WORK INSTRUCTIONS
Print the data below exactly as it stands, and keep the pictures out.

EXERCISE DATA
=== Begin Enclosure ===
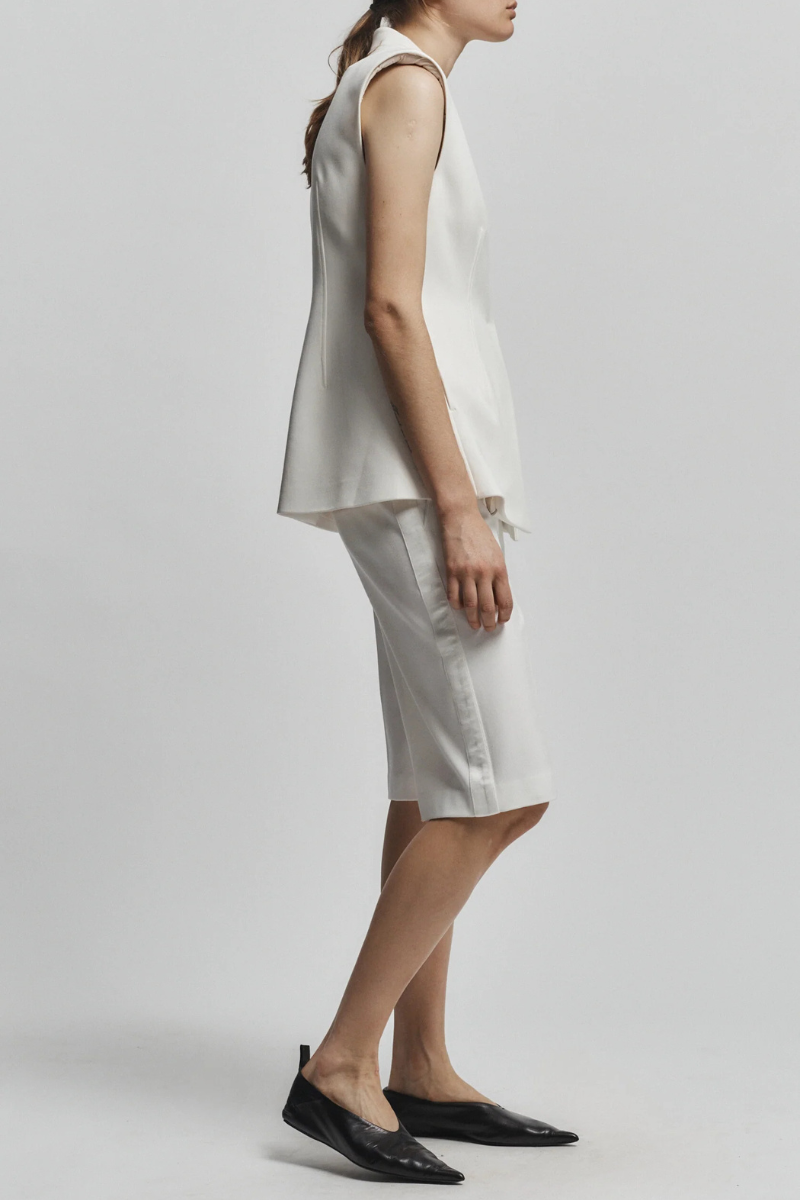 Saint Art Cora Tailored Vest side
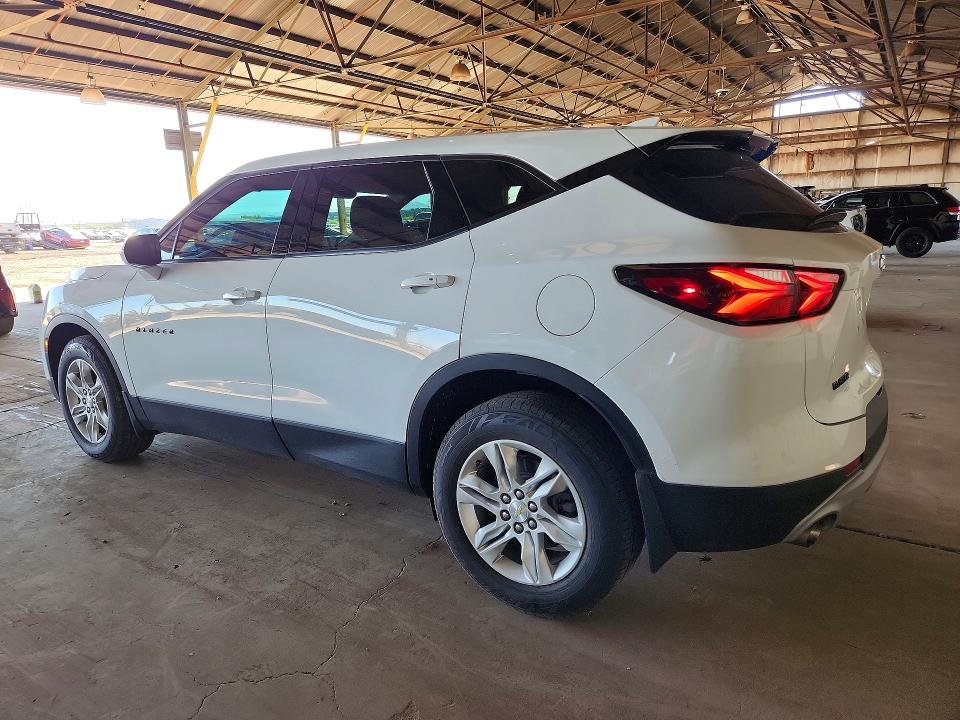 46448476 :رقم المزاد ، 3GNKBBRA8MS585636 vin ، 2021 Chevrolet Blazer مزاد بيع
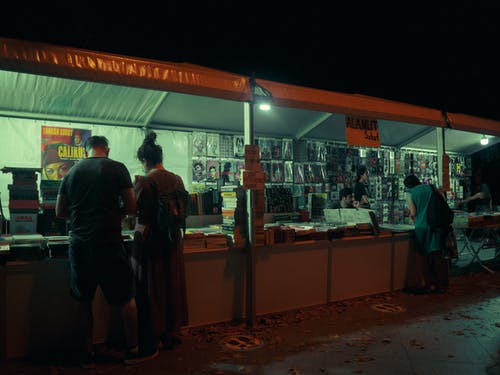 有关出售, 图书, 夜间的免费素材图片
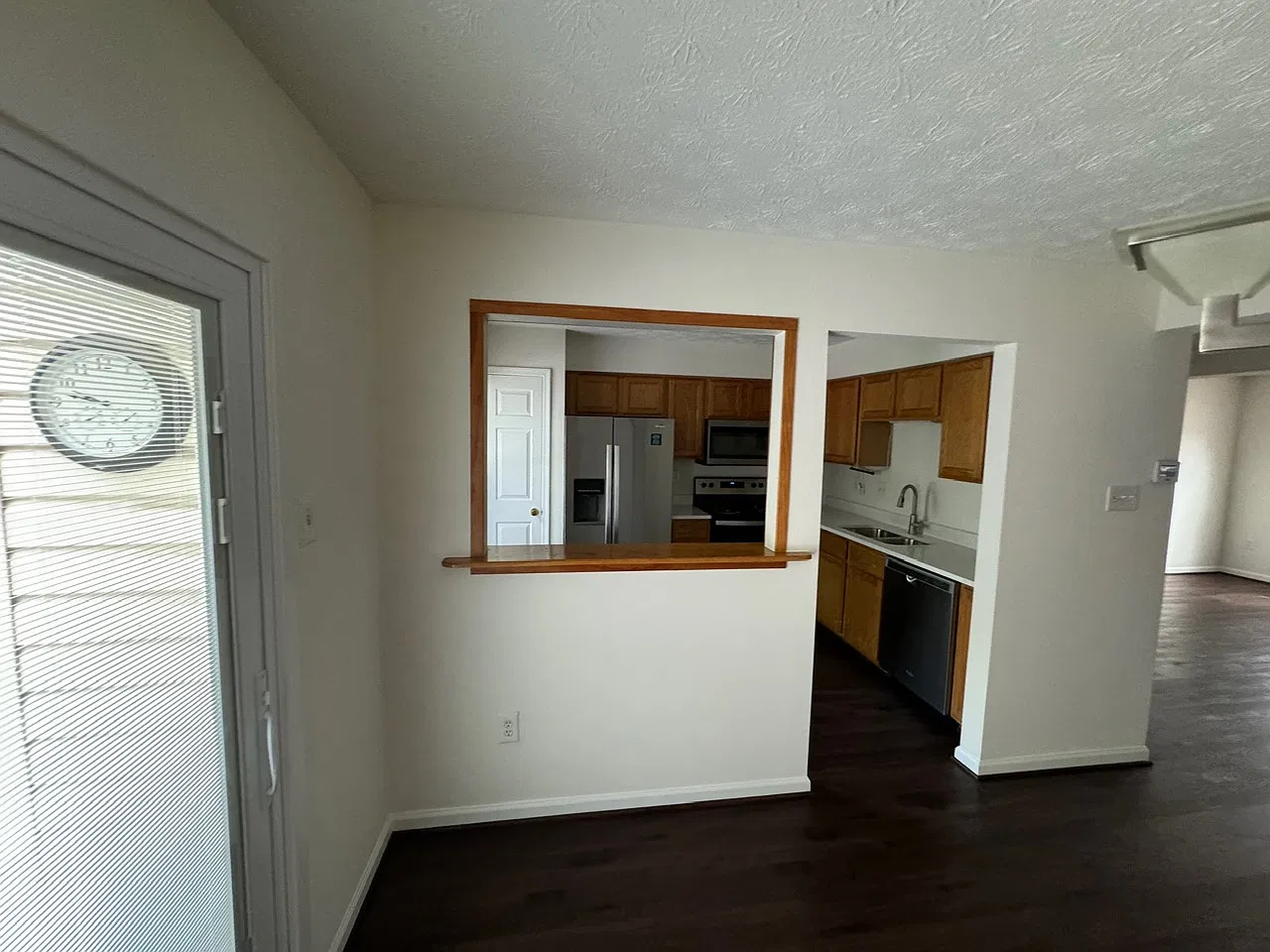 8724 Cresthill Ct — Photo 3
=== End Enclosure ===
EXERCISE ANSWER
 Saint Art Cora Tailored Vest side
 46448476 :رقم المزاد ، 3GNKBBRA8MS585636 vin ، 2021 Chevrolet Blazer مزاد بيع
 有关出售, 图书, 夜间的免费素材图片
 8724 Cresthill Ct — Photo 3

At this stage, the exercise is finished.